Segment Start: Records for this task

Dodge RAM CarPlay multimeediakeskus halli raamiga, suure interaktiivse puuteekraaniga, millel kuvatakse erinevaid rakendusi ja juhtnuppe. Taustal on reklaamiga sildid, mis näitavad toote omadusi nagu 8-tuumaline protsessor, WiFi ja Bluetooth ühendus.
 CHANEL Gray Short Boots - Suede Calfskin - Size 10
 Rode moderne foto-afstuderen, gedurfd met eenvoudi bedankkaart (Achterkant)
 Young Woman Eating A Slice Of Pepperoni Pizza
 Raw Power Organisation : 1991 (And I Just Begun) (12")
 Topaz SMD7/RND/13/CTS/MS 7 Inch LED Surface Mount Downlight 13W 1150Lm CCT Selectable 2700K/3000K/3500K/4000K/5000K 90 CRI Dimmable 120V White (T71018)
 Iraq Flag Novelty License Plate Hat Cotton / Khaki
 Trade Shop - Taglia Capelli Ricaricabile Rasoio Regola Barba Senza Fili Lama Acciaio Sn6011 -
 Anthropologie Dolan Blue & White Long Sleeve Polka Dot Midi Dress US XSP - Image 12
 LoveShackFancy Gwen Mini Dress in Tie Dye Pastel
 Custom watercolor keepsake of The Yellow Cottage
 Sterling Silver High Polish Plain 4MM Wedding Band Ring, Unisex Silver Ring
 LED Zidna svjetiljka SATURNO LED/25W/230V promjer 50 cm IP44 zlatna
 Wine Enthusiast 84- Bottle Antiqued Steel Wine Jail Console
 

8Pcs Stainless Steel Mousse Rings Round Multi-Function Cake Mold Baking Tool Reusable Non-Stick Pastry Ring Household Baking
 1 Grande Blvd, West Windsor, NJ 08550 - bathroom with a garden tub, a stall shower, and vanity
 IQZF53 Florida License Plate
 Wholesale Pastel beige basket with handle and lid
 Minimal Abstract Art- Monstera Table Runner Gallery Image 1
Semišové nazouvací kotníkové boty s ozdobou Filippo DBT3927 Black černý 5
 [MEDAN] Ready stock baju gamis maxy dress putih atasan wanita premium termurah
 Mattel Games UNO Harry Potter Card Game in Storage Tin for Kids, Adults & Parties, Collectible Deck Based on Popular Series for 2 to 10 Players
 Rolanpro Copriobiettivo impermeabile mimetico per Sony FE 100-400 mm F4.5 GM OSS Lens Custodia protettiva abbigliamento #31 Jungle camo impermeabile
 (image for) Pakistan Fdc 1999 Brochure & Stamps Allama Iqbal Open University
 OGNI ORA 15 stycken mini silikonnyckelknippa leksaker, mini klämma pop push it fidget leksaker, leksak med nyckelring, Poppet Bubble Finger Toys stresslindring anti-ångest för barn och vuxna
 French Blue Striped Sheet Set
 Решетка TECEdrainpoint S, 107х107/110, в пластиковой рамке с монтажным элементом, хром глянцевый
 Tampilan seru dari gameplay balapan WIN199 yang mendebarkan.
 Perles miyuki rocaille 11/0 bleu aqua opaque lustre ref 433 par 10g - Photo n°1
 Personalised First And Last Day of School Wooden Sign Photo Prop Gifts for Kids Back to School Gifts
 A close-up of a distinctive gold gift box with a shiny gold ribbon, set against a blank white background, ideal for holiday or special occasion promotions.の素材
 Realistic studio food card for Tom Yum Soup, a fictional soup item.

Segment End: Records for this task

(Aim of the task): Using the entries above, output exactly the lines between the line holding "Iraq Flag Novelty" and the line holding "Rolanpro Copriobiettivo impermeabile", end lines included, and nothing more.

(Answer for the task):
 Iraq Flag Novelty License Plate Hat Cotton / Khaki
 Trade Shop - Taglia Capelli Ricaricabile Rasoio Regola Barba Senza Fili Lama Acciaio Sn6011 -
 Anthropologie Dolan Blue & White Long Sleeve Polka Dot Midi Dress US XSP - Image 12
 LoveShackFancy Gwen Mini Dress in Tie Dye Pastel
 Custom watercolor keepsake of The Yellow Cottage
 Sterling Silver High Polish Plain 4MM Wedding Band Ring, Unisex Silver Ring
 LED Zidna svjetiljka SATURNO LED/25W/230V promjer 50 cm IP44 zlatna
 Wine Enthusiast 84- Bottle Antiqued Steel Wine Jail Console
 

8Pcs Stainless Steel Mousse Rings Round Multi-Function Cake Mold Baking Tool Reusable Non-Stick Pastry Ring Household Baking
 1 Grande Blvd, West Windsor, NJ 08550 - bathroom with a garden tub, a stall shower, and vanity
 IQZF53 Florida License Plate
 Wholesale Pastel beige basket with handle and lid
 Minimal Abstract Art- Monstera Table Runner Gallery Image 1
Semišové nazouvací kotníkové boty s ozdobou Filippo DBT3927 Black černý 5
 [MEDAN] Ready stock baju gamis maxy dress putih atasan wanita premium termurah
 Mattel Games UNO Harry Potter Card Game in Storage Tin for Kids, Adults & Parties, Collectible Deck Based on Popular Series for 2 to 10 Players
 Rolanpro Copriobiettivo impermeabile mimetico per Sony FE 100-400 mm F4.5 GM OSS Lens Custodia protettiva abbigliamento #31 Jungle camo impermeabile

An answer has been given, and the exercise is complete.